“Co-appearance” sounds like a movie credit, but, in this case, you might not have signed up for the role. Also called “correlation analysis,” this new branch of AI-powered biometric surveillance technology can analyze and track who a person has been with over time, measure the frequency of their interactions, and cross-reference this with other data, such as calendar info. The government of China has already put it to use, tracking protestors and political dissidents.
Now, says the Los Angeles Times, Vintra, an AI content analysis firm based in San Jose, is offering co-appearance services to the U.S. market. It has already secured big-name clients, with NFL teams and police departments among its customer base. And while some critics frame co-appearance in dire terms, there are currently no federal laws in place to regulate or restrict co-appearance.
Senator Edward J. Markey, a Democrat from Massachusetts, compared it to “the Orwellian future come to life—a deeply alarming surveillance state where you’re tracked, marked and categorized for use by public- and private-sector entities that you have no knowledge of.” Markey has plans to reintroduce a bill aimed at stopping the use of facial recognition and biometric solutions by law enforcement at all levels.
Vintra’s website frames its services as a matter of public and workplace safety, and lists the San Francisco 49ers, Moderna and the Lee County Sheriff’s Office as clients. The Times reported speaking to several police departments who worked with Vintra (which previously claimed to have eliminated racial and ethnic bias in AI facial recognition), but none would confirm that they made use of the software’s co-appearance capabilities. Regardless, experts quoted by the Times said they expected the technology to become more widely available, and widely used, in the near future.
AI surging in real time
As AI technology hurtles forward, the market in AI security solutions is booming. In a press release, Taiwan-based global IP surveillance provider Vivotek announced the launch of its AI-powered VAST Security Station (VSS). The system offers facial recognition and vehicle detection in real time through the use of up to 20,000 integrated cameras at a time, supported with a variety of intelligent image analysis tools.
Also in the Asia-Pacific region, South Korean video surveillance firm Hanwha Techwin has re-branded as Hanwha Vision, reflecting a new focus on expanded visioning technology. Real-time solutions, data analytics and AI are all part of the company’s new look, according to Choonghoon (C.H.) Ha, President of Hanwha Vision America. “We need to think differently and flexibly adapt to the changing needs of customers and the industry,” he says in the announcement. “That requires a complete shift in mindset, recognizing that what worked as recently as two years ago may not work today, and certainly not for tomorrow.”

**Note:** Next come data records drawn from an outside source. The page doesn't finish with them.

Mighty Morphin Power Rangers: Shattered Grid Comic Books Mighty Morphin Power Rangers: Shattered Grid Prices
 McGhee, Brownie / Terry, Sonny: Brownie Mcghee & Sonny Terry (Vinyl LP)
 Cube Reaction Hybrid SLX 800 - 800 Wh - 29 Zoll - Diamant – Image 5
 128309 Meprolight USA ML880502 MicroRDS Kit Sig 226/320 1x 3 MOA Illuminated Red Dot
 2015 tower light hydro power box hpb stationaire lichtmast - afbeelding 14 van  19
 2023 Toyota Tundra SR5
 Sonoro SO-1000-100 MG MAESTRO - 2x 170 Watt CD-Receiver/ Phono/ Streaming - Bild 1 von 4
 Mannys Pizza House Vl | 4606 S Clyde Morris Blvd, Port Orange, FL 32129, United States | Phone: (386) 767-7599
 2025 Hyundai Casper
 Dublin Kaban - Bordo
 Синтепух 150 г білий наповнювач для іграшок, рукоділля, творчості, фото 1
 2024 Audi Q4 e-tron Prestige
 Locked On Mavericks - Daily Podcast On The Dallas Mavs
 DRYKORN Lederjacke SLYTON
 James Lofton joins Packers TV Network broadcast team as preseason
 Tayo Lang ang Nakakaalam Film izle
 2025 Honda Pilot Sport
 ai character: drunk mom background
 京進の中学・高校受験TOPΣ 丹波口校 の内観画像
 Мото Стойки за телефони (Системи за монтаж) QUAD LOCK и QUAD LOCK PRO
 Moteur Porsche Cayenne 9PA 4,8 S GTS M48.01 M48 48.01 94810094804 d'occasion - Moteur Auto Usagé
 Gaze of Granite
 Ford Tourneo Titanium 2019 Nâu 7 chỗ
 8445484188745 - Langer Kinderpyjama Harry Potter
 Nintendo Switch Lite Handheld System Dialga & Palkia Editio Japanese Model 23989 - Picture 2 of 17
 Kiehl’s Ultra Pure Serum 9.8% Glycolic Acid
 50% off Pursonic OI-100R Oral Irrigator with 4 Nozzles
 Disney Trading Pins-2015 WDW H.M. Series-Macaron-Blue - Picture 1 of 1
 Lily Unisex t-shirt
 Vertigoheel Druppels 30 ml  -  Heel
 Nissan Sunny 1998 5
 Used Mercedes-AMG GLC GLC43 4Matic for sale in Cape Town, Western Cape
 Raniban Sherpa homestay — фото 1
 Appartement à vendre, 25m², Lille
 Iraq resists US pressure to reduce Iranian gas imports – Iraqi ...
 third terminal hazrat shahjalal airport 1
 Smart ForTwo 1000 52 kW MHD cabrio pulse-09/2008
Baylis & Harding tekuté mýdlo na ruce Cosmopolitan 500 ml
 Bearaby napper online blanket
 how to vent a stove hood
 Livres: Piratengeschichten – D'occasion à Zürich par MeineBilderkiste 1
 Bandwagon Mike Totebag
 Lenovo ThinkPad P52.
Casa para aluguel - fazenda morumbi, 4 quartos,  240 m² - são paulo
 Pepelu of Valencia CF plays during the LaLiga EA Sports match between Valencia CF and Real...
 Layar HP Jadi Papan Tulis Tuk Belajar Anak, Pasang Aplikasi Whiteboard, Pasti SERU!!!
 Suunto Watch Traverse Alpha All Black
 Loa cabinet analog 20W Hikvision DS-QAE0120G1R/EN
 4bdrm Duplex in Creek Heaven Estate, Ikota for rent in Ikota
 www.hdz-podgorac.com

Meanwhile, in California, Ambient.ai announced the rollout of its own new AI-Powered Forensics solution, which promises to bring near real-time entity and event-based search tools to incident investigations. The integrated camera system is capable of processing non-biometric identifiers (such as clothing) with complex event signatures — which, according to CEO Shikhar Shrestha, will increase efficiency. “With the ability to access their entire global network streams almost immediately,” he says in a statement, “enterprises can more quickly conduct investigations and meet regulatory requirements.”
A 2022 Video Surveillance & Analytics Database Report cited by Vivotek estimates the global video surveillance software market to be worth around $1.9 billion and growing.